If you want to know how to flatten your stomach, you’ve come to the right webpage, for here I’ll describe 3 massive exercises to flatten your stomach which are far more effective than the endless crunches and sit-ups that 99% of people who go to gyms do. If you’re frustrated about your stomach and want to get it leaner, these exercises can give you a very good push in that direction.
3 exercises to flatten your stomach:
1. The Plank
This is a static abs exercise which does a lot in a little time. Clasp both hands together and lay your arms on the floor so your elbows and clasped hands create a V shape on the floor. Now, extend your legs straight behind you until you’re on tip toe and balance yourself on you arms. Make sure your back is straight and your head is in the air over your clasped hands.
All you need to do now is hold your stomach in while breathing normally. I guarantee that in about 30 seconds, the strain in your abdominals will be very hard. If you can handle this position for a full minute, that would be impressive. Do 3-5 repetitions of this exercise and you’ll be closer to a flat stomach.

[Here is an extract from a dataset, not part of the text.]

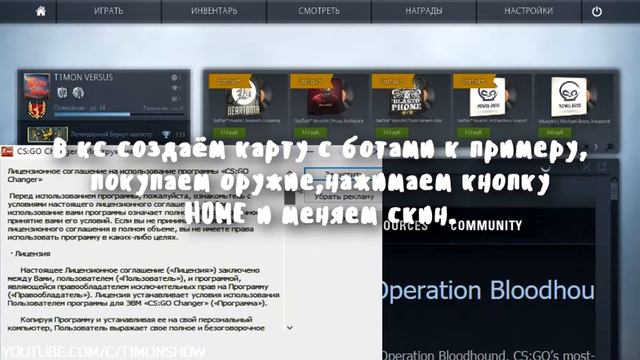 CS:GO ▪ Как поставить любой скин? ▪ CS:GO Changer 5.0.3 смотреть онлайн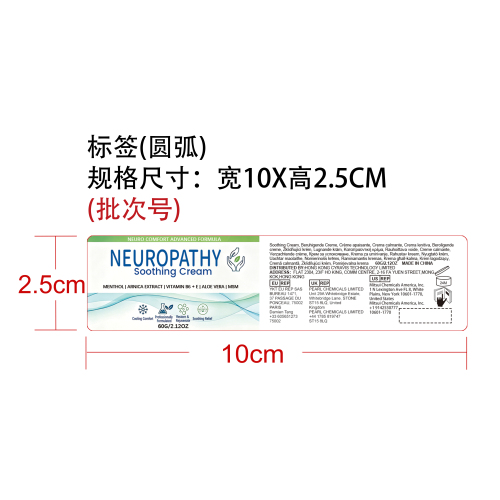 肌肤舒缓霜标签（圆弧）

2. The couple’s leg thrust
For this exercise, you’ll need a partner. Starting position: lie on a mat with both hands palm down by your hips. Your partner should stand above you so his/her feet are at both sides of your head. Now raise your legs straight up until your partner can grab them with ease.
Now your partner is going to push both of your legs hard to the floor, and you need to break their fall with your abs and to thrust them straight up to your partner’s waiting hand. He or she will then thrust your legs again and so on. Make sure to stop your legs at a 30-45 degree angle above the floor so you won’t arch your back. Believe me, this exercise alone is worth a few hundred sit-ups.
3. Diagonal crunches
This is an exercise which mainly works the oblique abdominals, and is also an excellent exercise to flatten your stomach. Lie on the floor with your hands at both sides of your head and your knees bent at 90 degrees. Raise your torso by crunching your abs diagonally and bringing your right elbow towards your left knee. Hold that position for 2-3 seconds, lower yourself back and change sides. The obliques are very important in order to get a perfect flat stomach.